Who's the Daddy? - A View From the Tory Party Conference With Nigel Farage

This week, I went to Manchester to the Tory party conference. Not as a Tory this time, but a happy Ukipper... The excellent IEA event - a 'Fag and a Pint With Nigel Farage' was a chance to showcase the man, our policies, our philosophy and where we stand on many issues. Again, the room was a little cosy and Nigel was on good form. The Tories were in denial that we were there.

This week, I went to Manchester to the Tory party conference. Not as a Tory this time, but a happy Ukipper.

First up is the Bruges Group meeting. At 1pm Farage strolls into the Town Hall, there is a media frenzy usually reserved for celebrities or Royalty. He is greeted by a rapturous applause and a standing ovation. He is calm and relaxed and genuinely liked by the audience.

A picture of Margaret Thatcher adorns the podium, gazing down at the assembled who, probably all to a man and woman, adored or at least admired her. Barry Legg, the chairman, is rightly angry with the Tories for refusing to publicise his event (Doesn't matter Barry, you got the biggest audience of any fringe meeting). John Redwood and co are a couple of doors along at the Selsdon Group meeting - a sort of anti-EU group.. Their room is empty.

Bill Cash is in the right corner (always, right, don't argue with me you nasty little peasants), Peter Oborne of the Daily Mail (I want to like you, I really do and I really respect Farage, but you're stealing Tory votes) sitting alongside him and Nigel Farage on the defence. It's a game of piggy in the middle at the first round of the Farage tour of the Tory party conference.

Bill Cash gives the first speech. He would like Ukip to stand down against Tory MPs to allow Dave to secure an overall majority otherwise our votes will stop him. He truly believes we are a one issue party and do not attract thirty per cent of our vote from other parties. He is conceited, arrogant, a born to rule Tory who sees Ukip as a fly in the ointment in his right to rule Government that he now finds he can't actually swat away. He is everything that is wrong about the Tory party and until they change people like him, they will decline even further.

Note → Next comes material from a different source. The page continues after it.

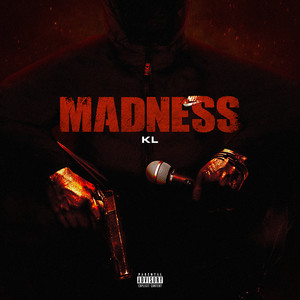 Madness (Explicit)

And, do you know, he has never actually said he wants to leave the EU, he's more about carving an image for himself. I don't doubt that he is actually concerned about Eurocreep, after all he's the chairman of the European Scrutiny Committee - not much to do there then as 75-84% of our laws are enshrined into law before they hit his desk.

It got nasty, because Bill did.

Nigel reminds me of Lord Tebbitt, someone who always remained a gentelman, until he was rudely attacked. Nigel is the same.

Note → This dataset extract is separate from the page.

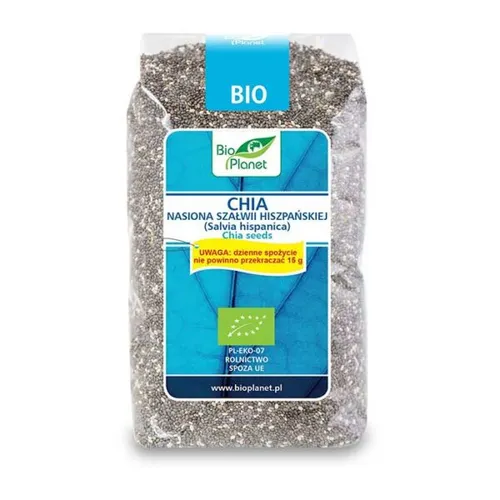Seminte de Chia, 400 g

Nigel pointed out to him that he voted against the Maastricht Treaty 47 times but when the final vote came, a vote of no confidence in John Major, he trooped through the lobby to vote with the government. He could have stopped Maastricht in its tracks but chose tribal loyalty over country. They could have eclipsed Ukip there and then.

Peter Oborne of the Daily Mail then appealed to us to stay a one issue party (there is a theme here) but when I asked a question from the floor, I pointed out to him that we have domestic politics because we stand candidates in local as well as Westminster elections. We are now the third party of politics and I urged all Tories in the room to vote for us, they seemed to agree. I asked him why he thought we shouldn't have domestic policies. It's to get a Conservative government he replied in a roundabout way and to get a referendum on Europe.

Next up is the Freedom Association's gig in the Freedom Zone. Again, the grassroots Tory party were queuing to get in, with more than 30 people left outside. HS2 was a big issue (at every meeting), along with Scotland's independence, gay marriage and the economy.

The excellent IEA event - a 'Fag and a Pint With Nigel Farage' was a chance to showcase the man, our policies, our philosophy and where we stand on many issues. Again, the room was a little cosy and Nigel was on good form.

The Tories were in denial that we were there.

The Bruges Group offered to pay for an advertisement in the official conference programme but it was refused. Erased by Dave, Farage isn't deterred. As usual, Tory high command just don't get it right. Today it is Ukip sitting alongside the Tories vying for coverage in the press.

When Ukip or Farage's name is mentioned to Cast Iron Dave he doesn't know how to react. Take Andrew Marr's Sunday morning programme, when asked about the Ukip threat, Dave squirms, does a half turn away and cannot utter our name or even acknowledge that that we have been mentioned. This is the stuff that fires Farage and makes the Tories look very silly indeed.

Yet, they allowed Alistair Campbell a pass. Tory chairman Grant Shapps personally intervened. I always thought that he was the arbiter of keeping the Tories at bay for thirteen years? Nigel and Alistair had a laugh about it.

It is my consistent sense that none of the political class at the top of the 'Old Parties' gets it for a moment. They have not yet grasped the fact that we attract voters from all corners of the electoral universe. Some who do get it are too horrified at the implications that they go into immediate denial. It is a truth whose implications are too awful for them to contemplate.

I joined Ukip because I see the party under Nigel's tutelage as the only truly radical players in the game, a party ready to discard any received wisdom if there is a better, common-sense way to do something. Let us get junking some of the Nostrums de no jours.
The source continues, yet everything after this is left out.